[[ Extracted records open ]]

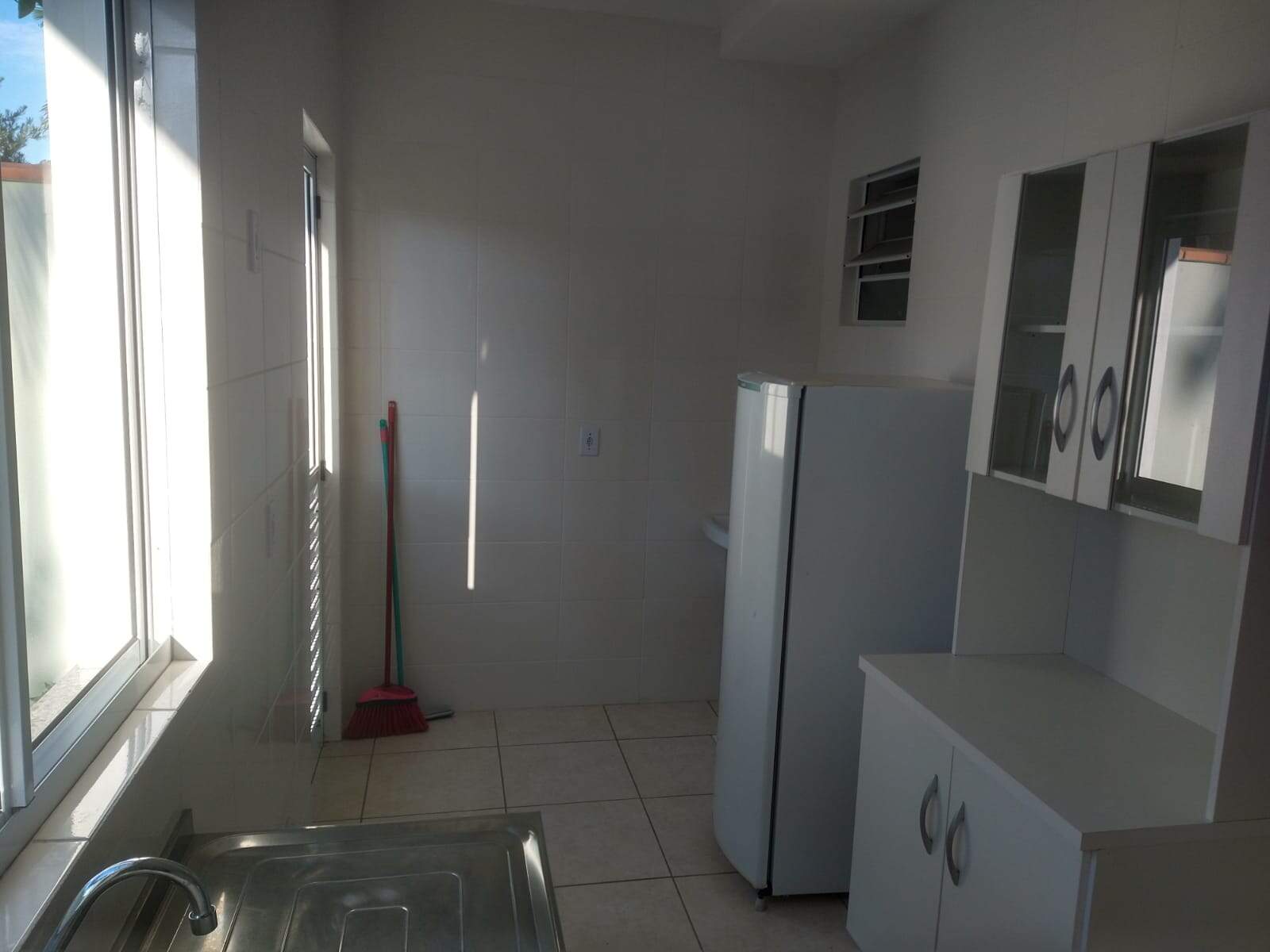 Imagem Apartamento à venda, 2 quartos, 1 vaga, Nereu Ramos - Jaraguá do Sul/SC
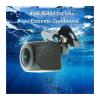 2022 AI Car AHD Rear View Camera Starlight Night Vision Wide Angle Artificial Intelligence Parking Reverse Vehicle Backup Camera view 4
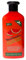 Watermelon Après-shampoing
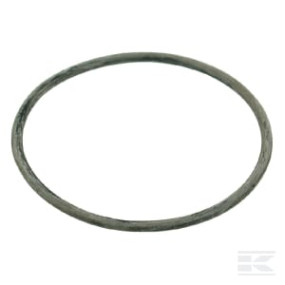 O-Ring 68,26 X 3,53 Epdm (G10091) Kramp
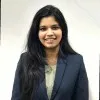 Pragati Gupta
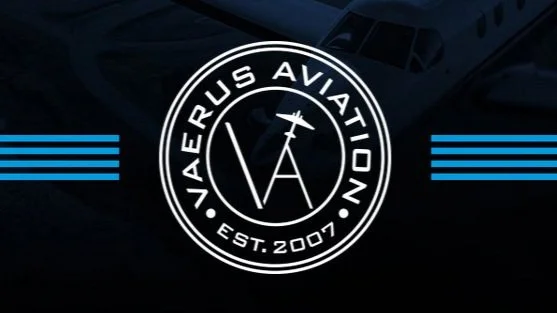 Vaerus Aviation Expanding Its Presence At Forbes Field With Latest Investment In Company Growth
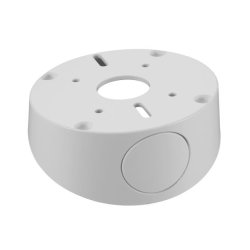 TILT MOUNT 20-DEG 110MM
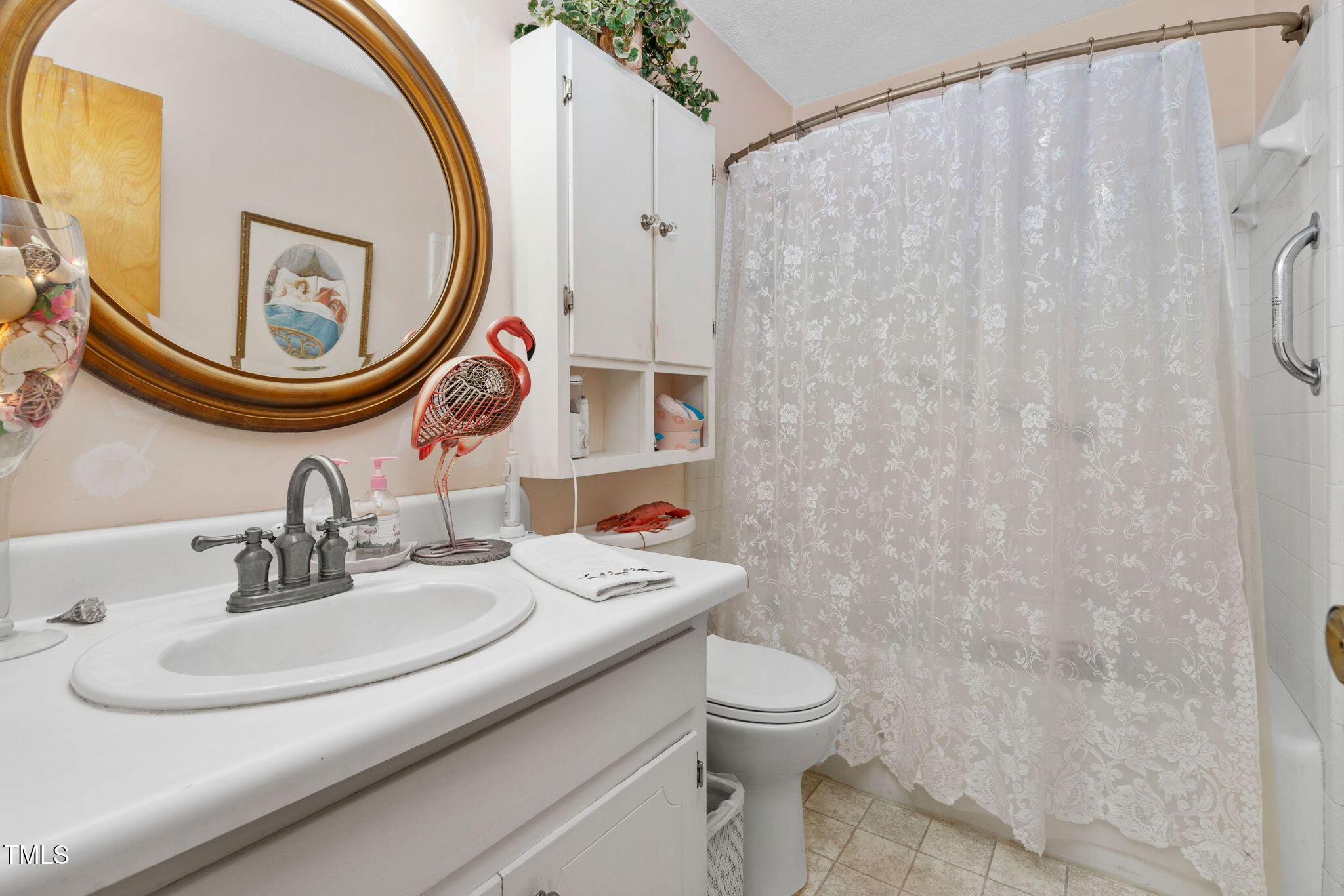 228 Olive Branch Road Durham, NC 27703 - Photo 63 of 69 110-web-or-mls-228-olive-branch-rd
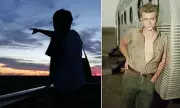 Marfa Mystery Solved? Scientists Claim to Have Cracked the Code of Texas's Ghost Lights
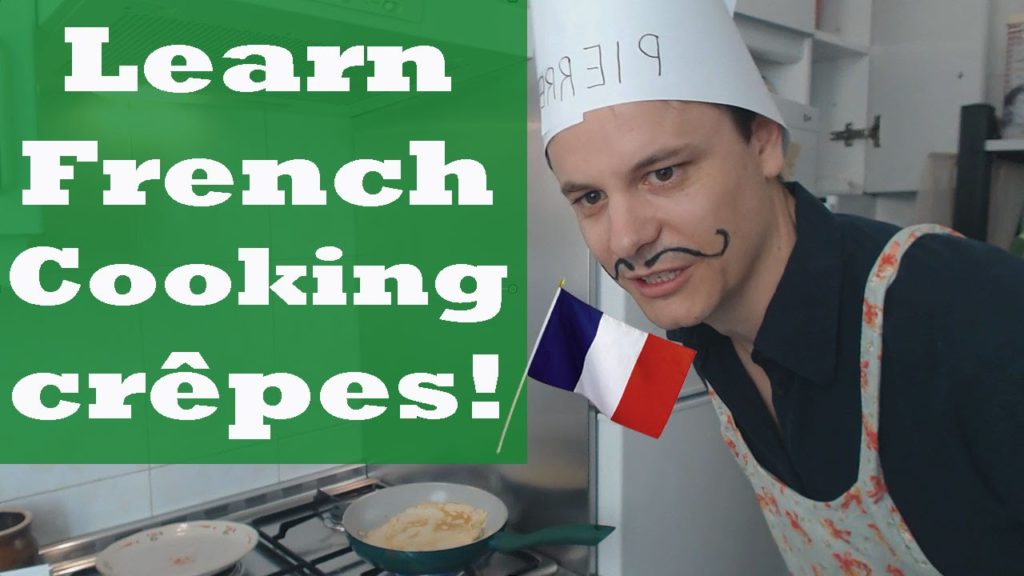 learn-french-videos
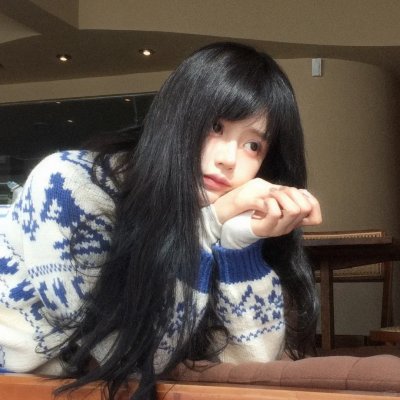 烈火干柴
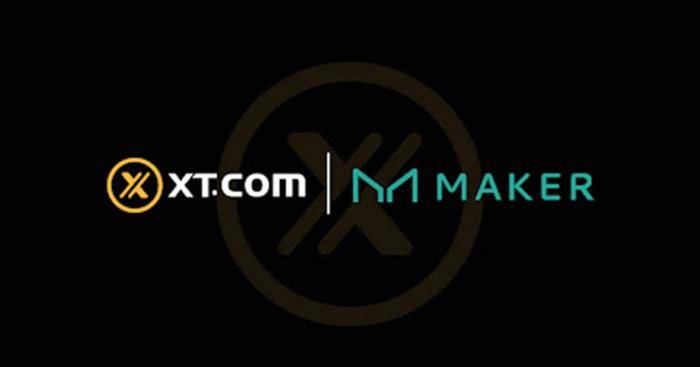 XT.COM Integrates DAI Market on its Trading Platform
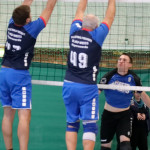 Foto-47422255c620e2b9a20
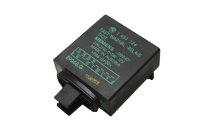Relais clignotant warning détresse BMW K 100 RS 2 Ventiler K589 0502 83-89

[[ Extracted records closed ]]

* [Prompt]: The answer must consist solely of the lines from the first line of the records through the line containing "Watermelon Après-shampoing", reproduced exactly and without the pictures.

* [Solution for this problem]:
 Imagem Apartamento à venda, 2 quartos, 1 vaga, Nereu Ramos - Jaraguá do Sul/SC
 2022 AI Car AHD Rear View Camera Starlight Night Vision Wide Angle Artificial Intelligence Parking Reverse Vehicle Backup Camera view 4
 Watermelon Après-shampoing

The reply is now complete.